Following recent announcements from Winton Group’s data business Hivemind, HFMTechnology takes a virtual tour inside the colony

BY CARLY MINSKY - February 2018

Last month, one of the world’s biggest hedge funds turned its quantitative resources inward. In a departure from the type of research and analytical projects commonly undertaken at data-driven firms, scientists at David Harding’s Winton Group made the hedge fund sector the subject of inquiry. But in answering the question ‘How big is the hedge fund industry?’, the resulting report was more than just a navel-gazing exercise for curiosity’s sake. Accepting that “all asset management firms sit on a spectrum, whether in terms of fees charged, strategies employed, or types of vehicles offered to investors” could produce significant shifts in allocation activity and hedge fund evaluation.

Beyond the headline result that firms meeting the typical hedge fund criteria manage far less than the assumed $3trn – $850bn according to the report – Winton’s researchers conclude in no uncertain terms that “no distinct ‘hedge fund industry’ exists”.

“This matters on at least two counts,” the authors explain. “First, pension schemes and other big institutional investors usually have a discrete asset allocation bucket for hedge funds. Given the definitional mess that surrounds the relevant firms, it seems probable that sub-optimal investment decisions may be being taken as a result.

“A second issue concerns how asset management firm performance is assessed. There are many different hedge fund indices against which firms are benchmarked. Many of these indices, however, face similar definitional problems and can as a result be poor yardsticks for the firms that use them as a reference.”

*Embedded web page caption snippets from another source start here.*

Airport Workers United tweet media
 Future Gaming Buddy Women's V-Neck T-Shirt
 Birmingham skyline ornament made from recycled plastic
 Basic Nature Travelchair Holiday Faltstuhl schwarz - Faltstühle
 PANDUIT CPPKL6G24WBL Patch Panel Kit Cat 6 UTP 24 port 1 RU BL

Jonathan Levy, head of product research at Winton, adds: “This misconception is potentially dangerous… This approach of treating hedge funds as an asset class feels increasingly illogical.”


Into the hive

This project – unusual as it may be in its self-referential subject matter – is one of many initiatives running at Winton’s data division Hivemind, which now runs as a separate business offering services externally, although it is still wholly owned by Harding’s firm. Just 12 months after spinning out, the data science and technology company is used as a resource in three quarters of Winton’s research efforts, according to Daniel Mitchell, director for research data at Winton Group, speaking exclusively to HFMTechnology.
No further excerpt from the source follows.